Но голос звучал даже чище и ровнее, чем всегда. Как будто буря, бушующая на поверхности, не достигала потаенных глубин, поэтому сердце лишь сетовало на свою беду. Вот только Афифе говорила очень медленно, произнося каждое слово по отдельности, и часто останавливалась.
На ее лице без труда обнаружились симптомы болезненного состояния, которое изнуряло меня десять лет назад. Похоже, оно передалось ей. Кризис продолжался, и мне следовало прийти на помощь бедняжке. Однако я решил, что в такой ситуации прикосновение может стать опасным. Стоит мне дотронуться до нее, как эмоции мгновенно вырвутся наружу, окаменевшее тело охватит огонь, и она начнет биться в моих объятиях. Так мне тогда казалось.
Слава Аллаху, через некоторое время я заметил, что приступ постепенно проходит. Глубоко дыша, Афифе расправила плечи, подняла голову, вытерла лоб и глаза платком, зажатым в руке, и медленно начала спускаться по лестнице. На последней ступеньке она вдруг села прямо на камень, как будто у нее подогнулись колени, уронила ладони на бедра и закрыла голову руками.

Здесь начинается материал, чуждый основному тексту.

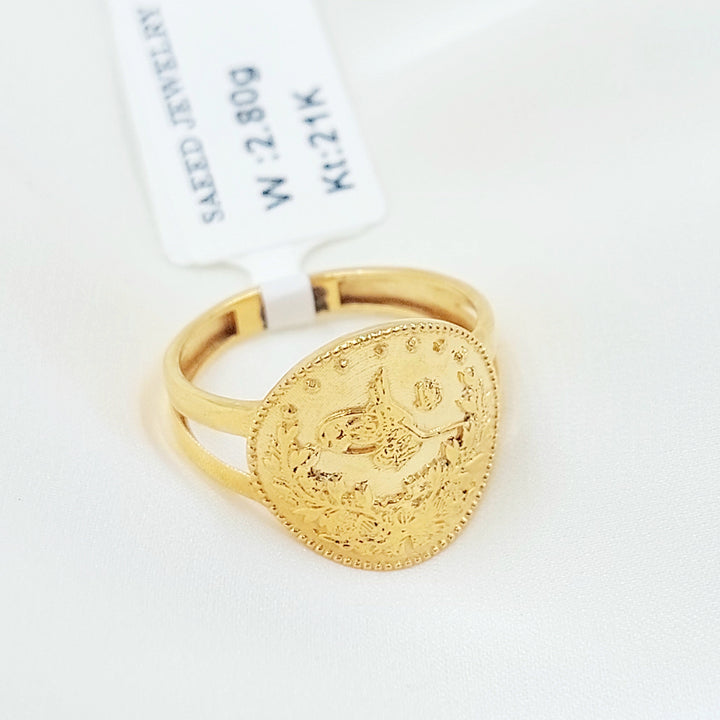 Deluxe Rashadi Ring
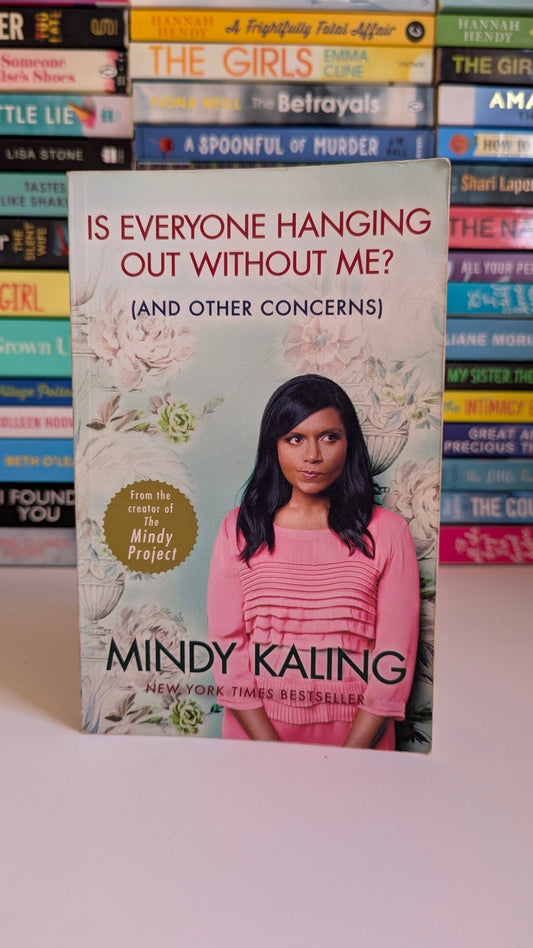 Is Everyone Hanging Out Without Me? - Chapter Two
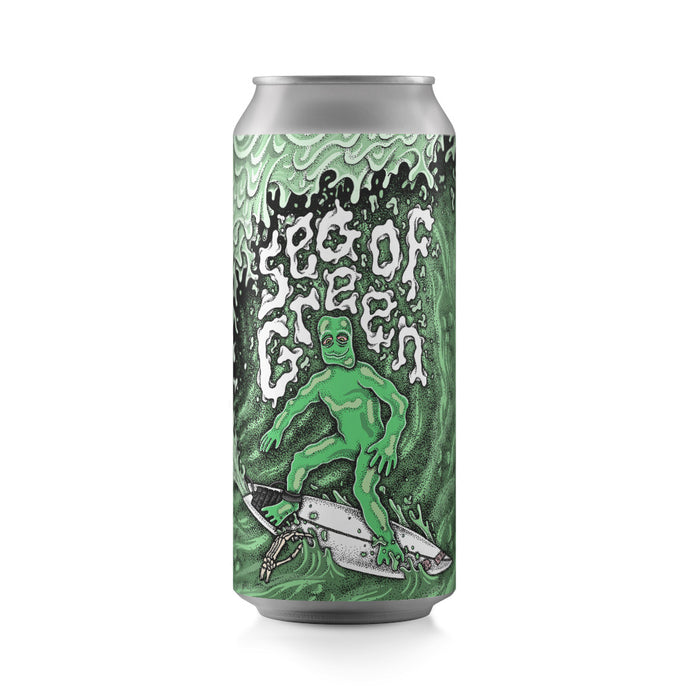 Sea of Green 4-pack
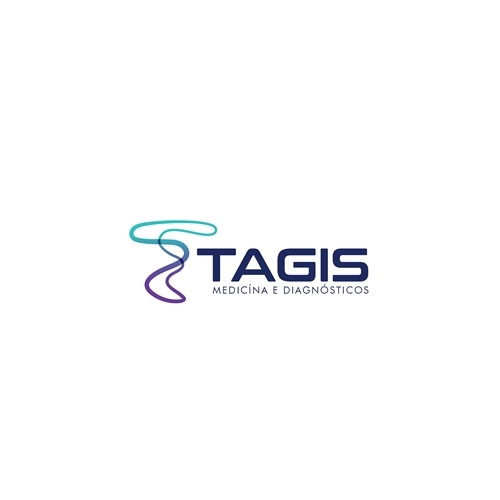 Tagis Medicina & Diagnóstico / Tagis MD | Criação de Logo e Papelar...
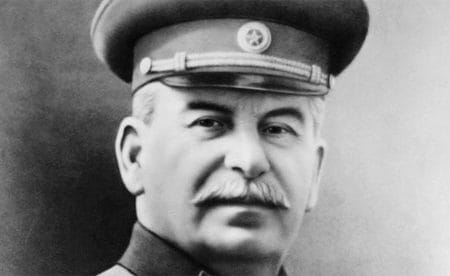La política de terror de Stalin en la Unión Soviética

Своды галереи больше не отбрасывали теней на фигуру Афифе. Тусклый свет луны, отражаясь от противоположной стены, позволял лучше. разглядеть ее лицо. В новом образе женщины мне чудилось что-то ребяческое. Может быть, потому, что именно так она сидела, когда старшая сестра расчесывала ей волосы. Вспоминая ее слова, я уже не испытывал прежнего страха и изумления, только странную грусть.
Старшая сестра! Значит, она тоже знала, что Афифе любит меня. Возможно, в очередной раз, когда сестра ее причесывала, Афифе рассказала ей об этом. Я представлял, как бедная женщина, неспособная сразу вникнуть в ситуацию, во имя твердокаменных моральных устоев семейства Склаваки начинает тонко голосить, ругать сестру или даже дергать ее за волосы, как бывало всякий раз, если Афифе слишком много крутилась. Впрочем, это не помешало ей впоследствии придумать сказочку о моей смерти, чтобы, как ей казалось, исцелить Фофо, и наконец отправить ее в Стамбул на свидание со мной.
Несомненно, катастрофа произошла очень давно и оказалась настолько всеобъемлющей, что смогла определенным образом изменить характеры обеих сестер. Вероятно, первые симптомы появились сразу после моего отъезда из Миласа. Или даже раньше, когда я устроил сцену ревности и со слезами говорил совершенно неуместные вещи о госте-докторе. А может быть, во время моей болезни, когда я долгие дни лежал у них в доме. Со временем царапина превратилась в большую рану, которую было невозможно скрыть от старшей сестры, несмотря на почтение и стыд. Скорее всего, для этого потребовалось много времени.
В конце улицы показался сторож, он волочил дубинку по мостовой. Я испугался, что он свернет сюда и увидит такую странную сцену у гробницы.
Требовалось наконец что-то сказать, поэтому я осторожно обратился к Афифе:
— Вы замерзнете на камнях, Афифе-ханым. Давайте пойдем.
Она не изменила позы, только подняла голову, пожала плечами и спросила, глядя мне в глаза:
— А куда мы пойдем?
Вопрос был совершенно бессмысленным. Мне показалось, что она задала его в растерянности, на самом деле охватившей все ее существо.
Видимо, стремительное разрушение всех жизненных опор и постепенное угасание надежды на будущее сделали меня единственным источником ее волнений и грез. Но почему я? Вполне возможно, что на самом деле чувства Афифе не имели отношения ко мне настоящему или же имели весьма опосредованное отношение. Просто я со своей детской наивностью, со своим безумным переменчивым настроением, когда я то краснел, то бледнел, то смеялся, то плакал, глядя на нее глазами тяжелобольного, стал единственным романтическим явлением, единственным одухотворенным лицом в ее жизни.